Starring Lily James and Armie Hammer in the roles once occupied by Joan Fontaine and Laurence Olivier, Rebecca is the story of Maxim de Winter (Hammer) and his two wives. The first, the now deceased, Rebecca, a supposedly perfect woman in every fashion, whom one character describes as, in so many words, someone annoyingly impossible to dislike. And the second, known only as Mrs. de Winter (James), the woman Maxim remarries after a not so discrete love affair in Monte Carlo.
It is said love affair which takes up the opening portion of the film, and whilst it is well filmed it is triflingly strange. What is supposed to be the glossy romance preceding the oncoming melodrama plays out oddly Woody Allen-like. Not in his sort of pretentious intellectual romance style, but more in the way of presentation. The beachy colour pallet, the sudden and un-foreshadowed rain, the twinkling guitar fluttering in and out of certain scenes, which flies a little too far from the music of the second half of the film. It all feels dreadfully modern, and very much like something from, say, Midnight in Paris, a wonderful picture in its own right, but not a product of the same thematic intensity of Rebecca.

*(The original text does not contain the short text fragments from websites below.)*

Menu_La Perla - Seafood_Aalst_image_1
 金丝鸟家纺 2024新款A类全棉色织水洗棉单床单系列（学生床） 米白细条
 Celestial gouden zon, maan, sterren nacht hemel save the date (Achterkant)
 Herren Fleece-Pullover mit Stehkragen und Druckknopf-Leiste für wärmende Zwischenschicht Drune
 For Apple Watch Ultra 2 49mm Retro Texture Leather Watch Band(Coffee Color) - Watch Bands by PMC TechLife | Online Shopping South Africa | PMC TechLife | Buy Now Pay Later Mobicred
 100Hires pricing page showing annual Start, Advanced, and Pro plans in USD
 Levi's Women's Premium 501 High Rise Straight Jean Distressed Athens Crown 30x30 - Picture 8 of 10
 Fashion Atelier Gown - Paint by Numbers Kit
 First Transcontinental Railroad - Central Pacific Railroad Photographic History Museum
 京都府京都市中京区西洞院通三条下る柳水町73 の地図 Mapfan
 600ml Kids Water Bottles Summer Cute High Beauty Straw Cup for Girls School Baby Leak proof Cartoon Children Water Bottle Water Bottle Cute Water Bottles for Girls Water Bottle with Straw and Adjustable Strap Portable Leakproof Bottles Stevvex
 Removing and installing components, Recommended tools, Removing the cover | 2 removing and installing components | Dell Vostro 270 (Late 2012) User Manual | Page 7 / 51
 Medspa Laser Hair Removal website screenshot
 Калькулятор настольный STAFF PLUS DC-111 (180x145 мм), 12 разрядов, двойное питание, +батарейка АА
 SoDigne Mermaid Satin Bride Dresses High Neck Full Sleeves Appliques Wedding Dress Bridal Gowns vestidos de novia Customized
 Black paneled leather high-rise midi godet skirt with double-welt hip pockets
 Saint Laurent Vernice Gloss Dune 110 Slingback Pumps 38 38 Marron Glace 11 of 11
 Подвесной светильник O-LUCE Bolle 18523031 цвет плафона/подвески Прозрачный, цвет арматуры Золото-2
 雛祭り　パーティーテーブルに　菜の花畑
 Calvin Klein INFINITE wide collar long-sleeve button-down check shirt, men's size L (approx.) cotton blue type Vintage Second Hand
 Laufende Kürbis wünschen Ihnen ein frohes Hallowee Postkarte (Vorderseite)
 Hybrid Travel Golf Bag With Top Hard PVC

Though when life threatens to tear the duo apart, the film must shift to continue on its way. With no family to talk her out of it, and nothing and no one as enticing to follow, the nameless young woman is soon the ‘new’ Mrs de Winter. She travels with her husband to his estate, Manderley, a beautiful house on a charming piece of land along the English coast. Here she meets many people, mostly Maxim’s staff, and naught but one of them is of real importance that being the cold and mysterious Mrs Danvers (Kristin Scott Thomas).
It is under her eerily constant gaze that Mrs. de Winter attempts to make Manderley her home, a task much easier said than done. Around every corner, almost literally, lies a reminder of Rebecca. Rooms are barred off as the mythical woman simply once used them, handkerchiefs with her embroidery are given exclusively to the new mistress of the house, and the personal artifacts that made up her existence litter seemingly every cupboard and draw. And whilst I understand this is the exact point of Rebecca, to generate this ghastly ghostly presence of a woman existing beyond the grave haunting her replacement, it all becomes a bit much. There’s only so many times you can take a bludgeoning over the head with how great this woman was while already knowing the inevitable twist. I’d say even for those of whom this is their first tussle with Rebecca’s mysteries it’s overly repetitive. At one point a hallucinatory sequence dissolves into complete self-parody when all the guests of the house begin to dance around Mrs. de Winter chanting “Rebecca” over and over.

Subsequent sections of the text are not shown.